## Your task
Keep the pictures out of the copy and print all the entries below exactly.

## Provided data
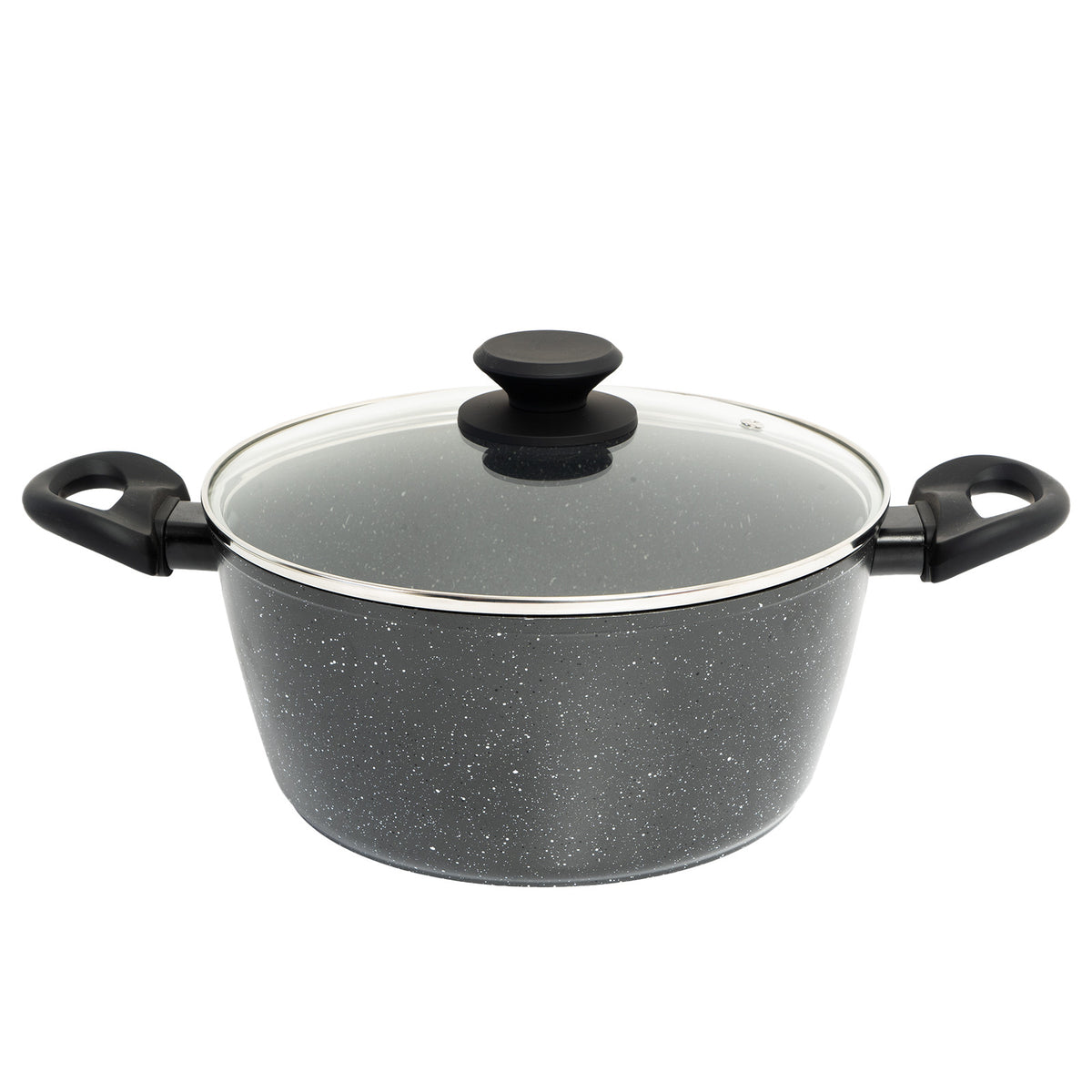 Stone Chef Forged Casserole With Lid | Cookware | Kitchen | Black | 24cm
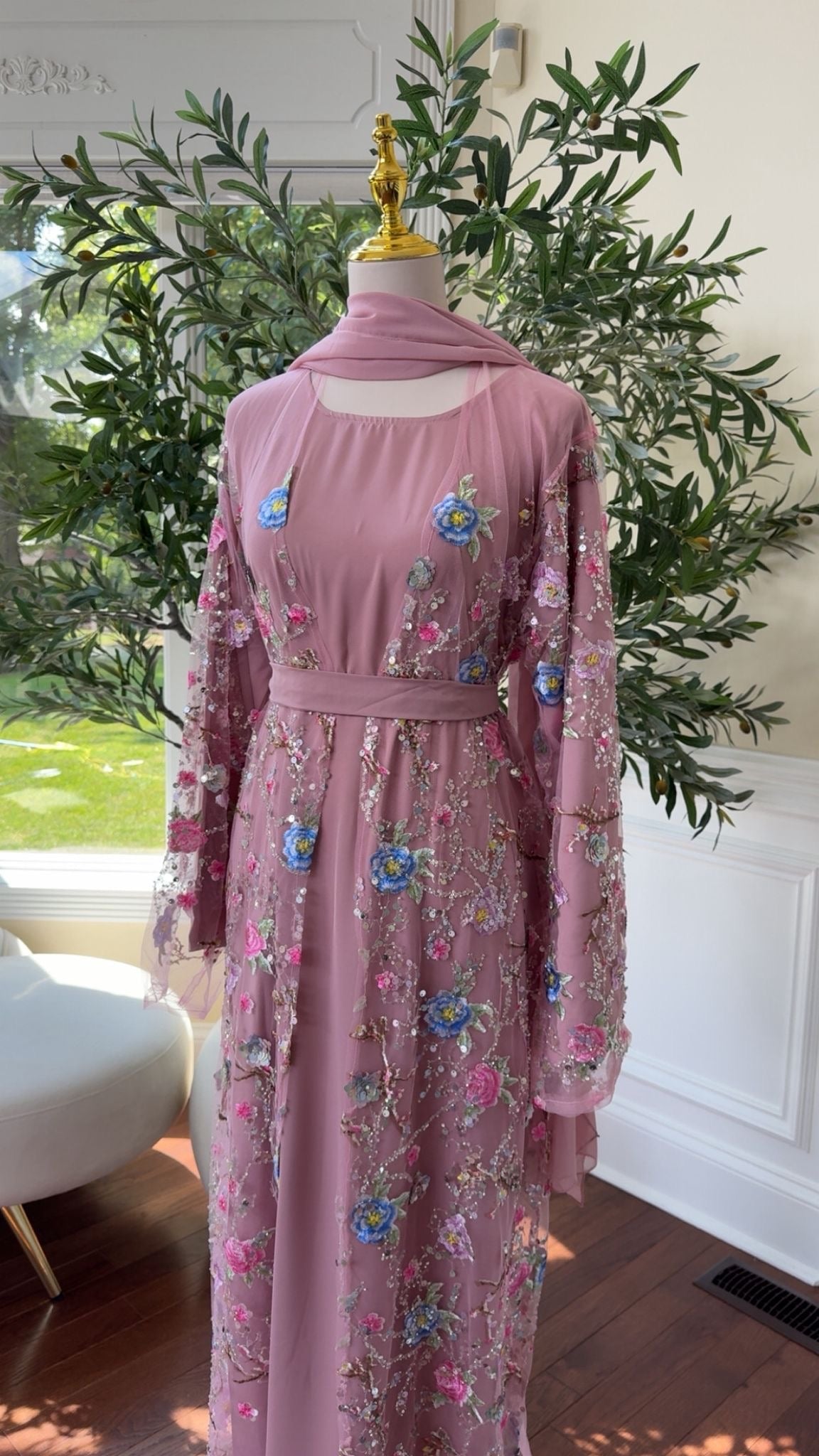 Blush Rose Petal Blossom Abaya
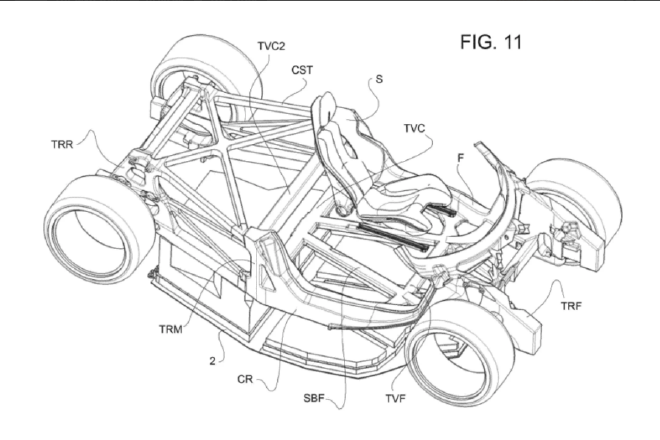 法拉利首款纯电动超跑专利图曝光 中置主电池组布局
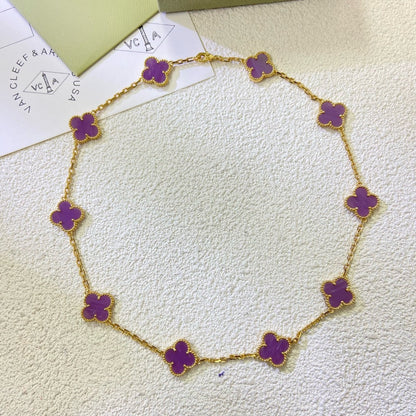 [GALE]CLOVER 10 MOTIFS  PURPLE VIOLET  NECKLACE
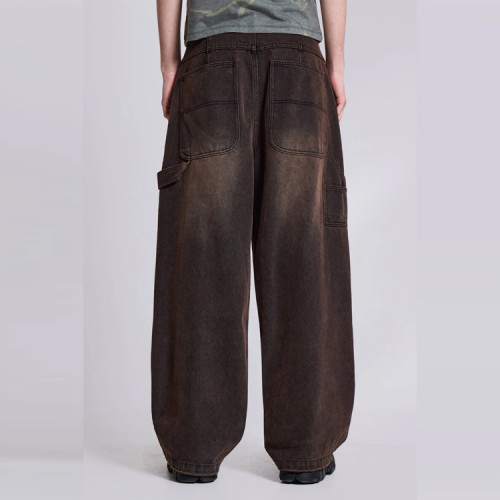 Custom pants | Brown pants | Solid color pants | Streetwear pants | Loose pants | Buttons pants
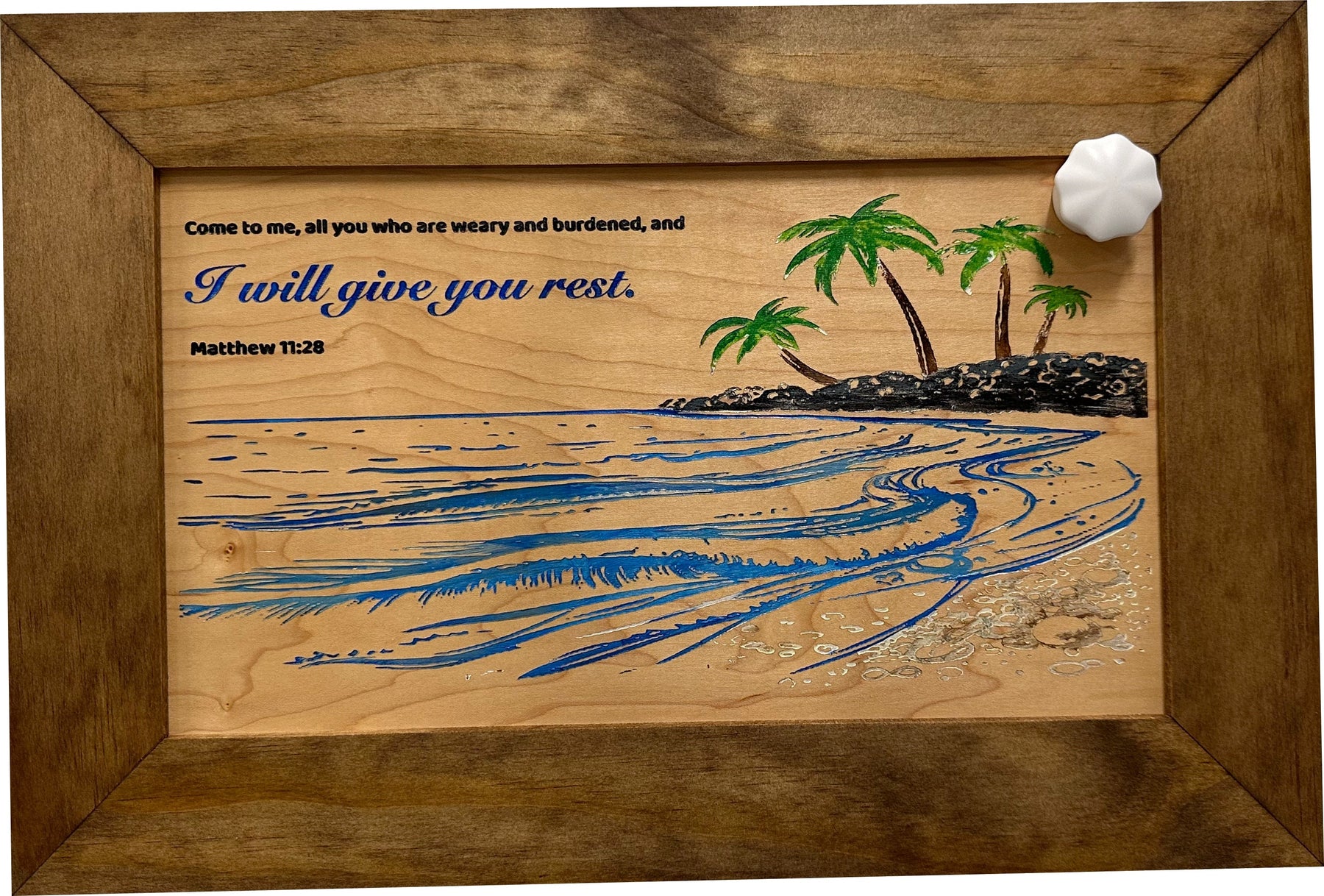 Bible Verse Decorative & Secure Wall-Mounted Gun Cabinet - Matthew 11:28 and Coastal Scene by Bellewood Designs, Southern home decor detail photo 4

## Expected answer
 Stone Chef Forged Casserole With Lid | Cookware | Kitchen | Black | 24cm
 Blush Rose Petal Blossom Abaya
 法拉利首款纯电动超跑专利图曝光 中置主电池组布局
 [GALE]CLOVER 10 MOTIFS  PURPLE VIOLET  NECKLACE
 Custom pants | Brown pants | Solid color pants | Streetwear pants | Loose pants | Buttons pants
 Bible Verse Decorative & Secure Wall-Mounted Gun Cabinet - Matthew 11:28 and Coastal Scene by Bellewood Designs, Southern home decor detail photo 4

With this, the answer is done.